:: Extracted data ::
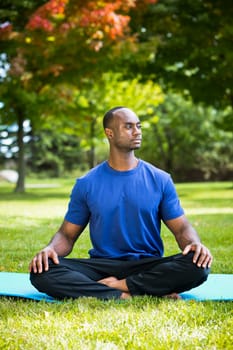 young black man wearing athletic wear sitting in the park exercising yoga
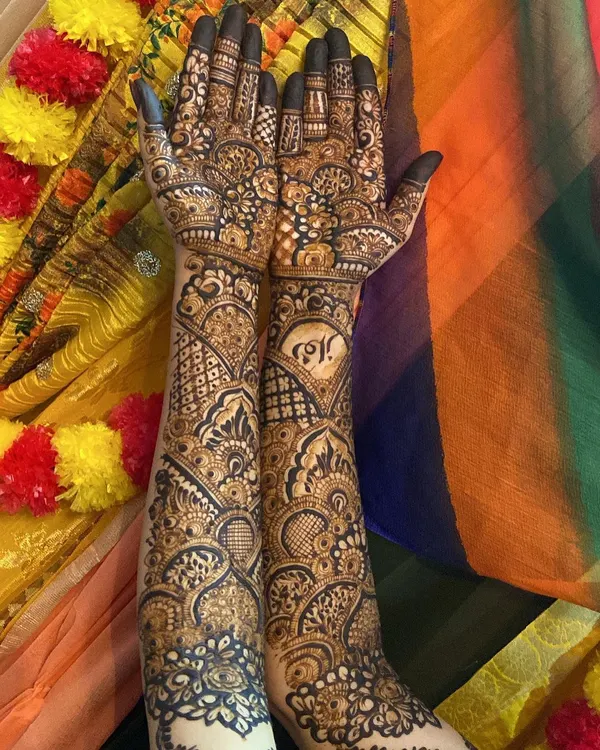 A complete bridal look featuring personalized initials within a heart on one arm. The design is dense with a mix of geometric grids, floral patterns, and traditional motifs, covering the arms fully up to the elbow.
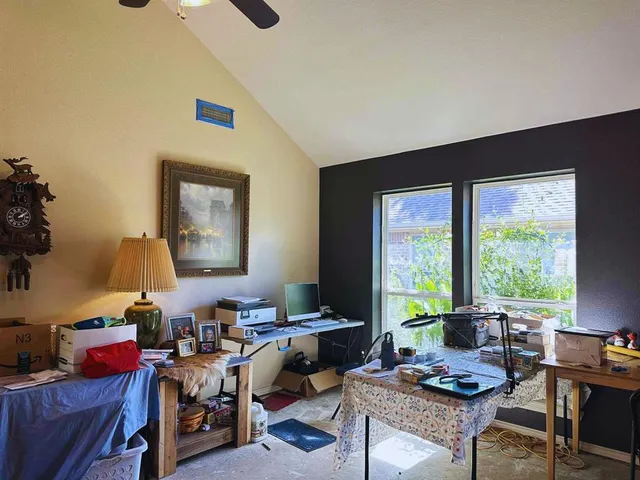a living room with lots of furniture and a large window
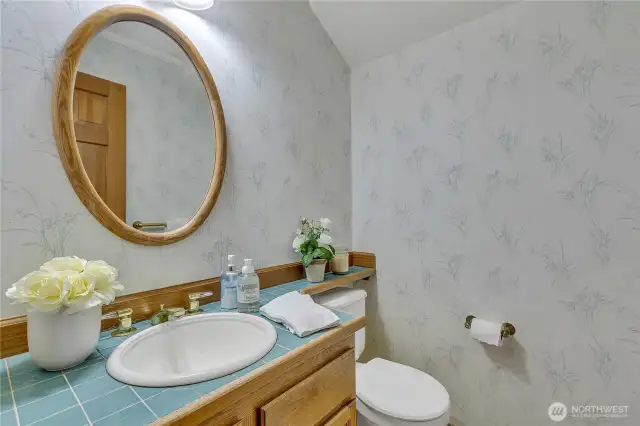 The main level half bath is convenient, offering easy access for guests.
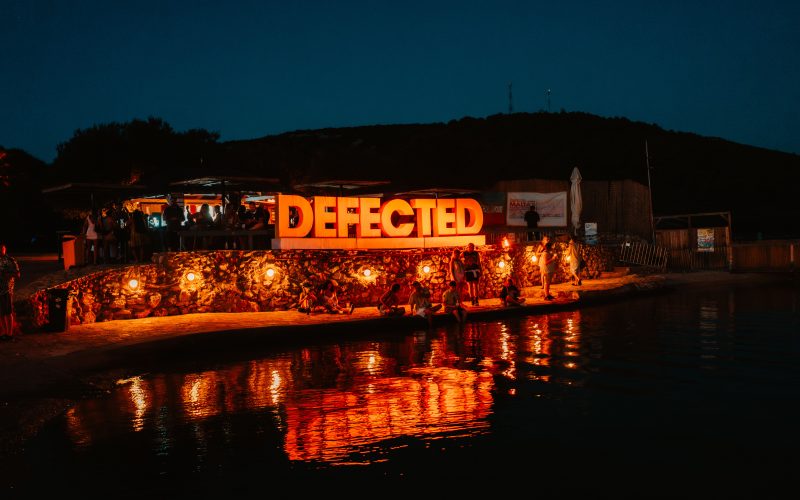 Defected Records Festival sign lighted up by the sea at night in its Croatia edition.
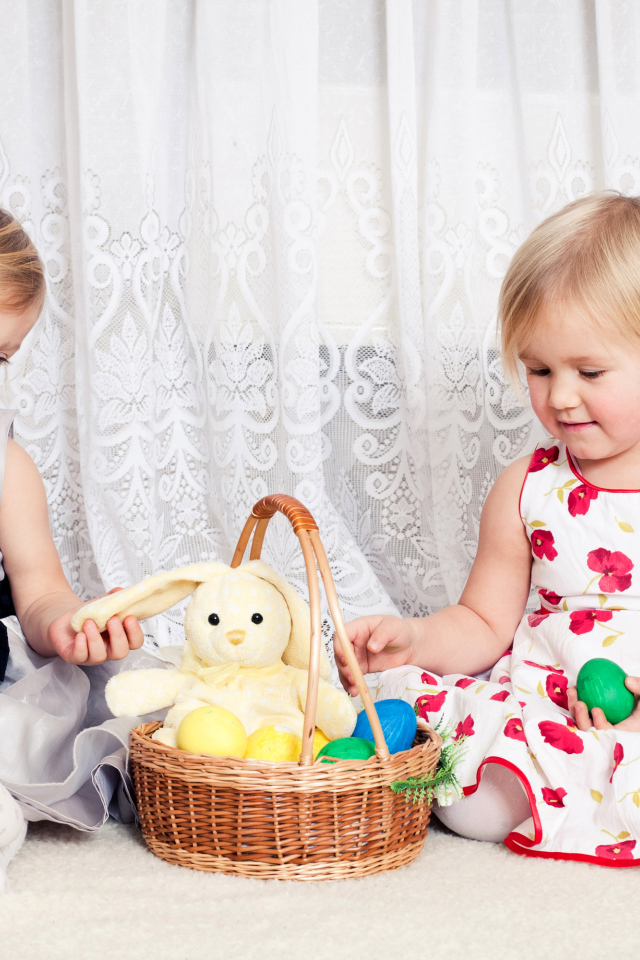 Две маленькие девочки с корзиной пасхальных яиц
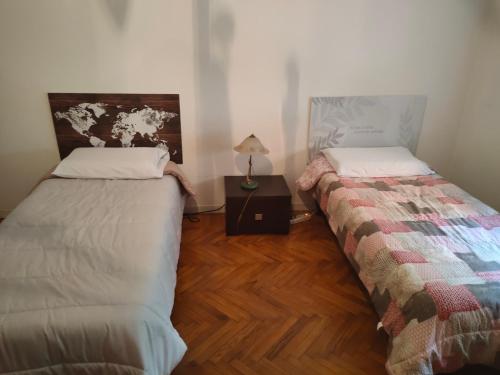 a room with two beds and a table with a lamp at Casa - house Xavier una casa famigliare , dame entra solo Chi a un bel cuore , non'e il l'intero alloggio solo stanze e bagno in Turin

:: Problem description ::
If pictures appear, drop them, and retype exactly the lines from the "a living room" line through the last line of the data above.

:: Response area ::
a living room with lots of furniture and a large window
 The main level half bath is convenient, offering easy access for guests.
 Defected Records Festival sign lighted up by the sea at night in its Croatia edition.
 Две маленькие девочки с корзиной пасхальных яиц
 a room with two beds and a table with a lamp at Casa - house Xavier una casa famigliare , dame entra solo Chi a un bel cuore , non'e il l'intero alloggio solo stanze e bagno in Turin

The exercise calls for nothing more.